MetaLink - Closure and Error Degree of 556M owl:sameAs statements
MetaLink is a dataset that contains metadata for a very large set of owl:sameAs links that are crawled from the LOD Cloud. MetaLink encodes a previously published error metric for each of these links [Raad et al., 2018]. This error degree ranges from 0.0 (most likely correct) till 1.0 (most likely incorrect). The idea is that the more an owl:sameAs link is isolated in the network (of all owl:sameAs links), the higher error degree this link will have. Experiments shows that discarding the 1M owl:sameAs links with an error degree >0.99 can significantly increase the quality of the transitive closure. Also by keeping only the 400M owl:sameAs links with error degree <= 0.4, the resulting closure is 100% precise in several manually evaluated cases. The resulted equivalence classes from these different closures are publicly available online.

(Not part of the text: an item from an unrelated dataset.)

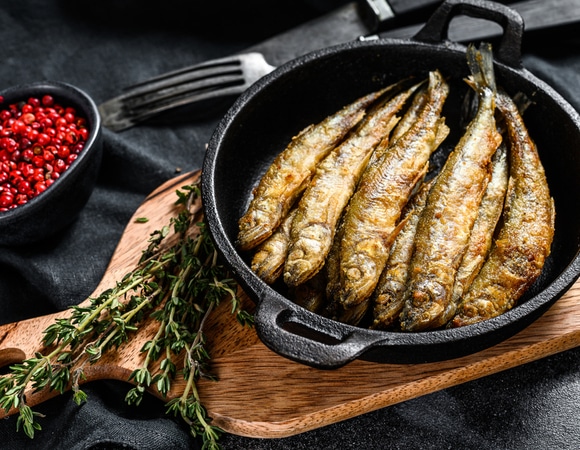 Забудьте про жирные брызги: этот гениальный трюк позволит жарить мойву хоть каждый день Забудьте про жирные брызги: этот гениальный трюк позволит жарить мойву хоть каждый день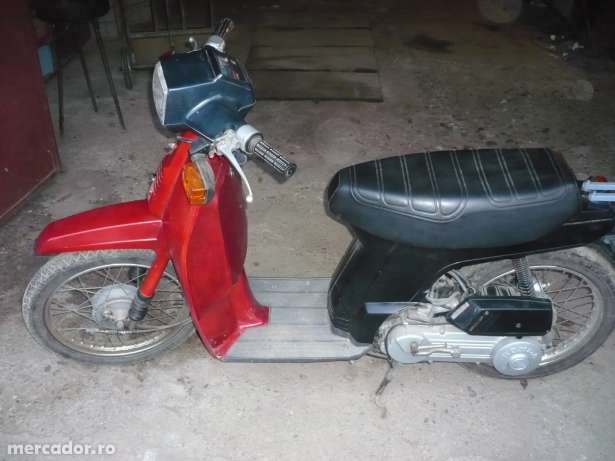 Piese,Dezmembrez Honda Sh Retro 49 cm 2 T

MetaLink is published in combination with LOD-a-lot, a dataset that is based on a very large crawl of a subset of the LOD Cloud. By combining MetaLink and LOD-a-lot, applications are able to make informed decisions about whether or not to follow specific links on the LOD Cloud. This dataset contains 4,352,602,452 unique triples, and is available in HDT (Header Dictionary Triples) format. It can be navigated online using the TriplyDB Linked Data hosting platform: https://krr.triply.cc/krr/metalink.
A figure describing the vocabulary of the MetaLink dataset can be found here. Classes are displayed by circles and properties are displayed by arcs. The MetaLink-specific classes and properties are displayed in red, the blue classes and properties are reused from existing vocabularies.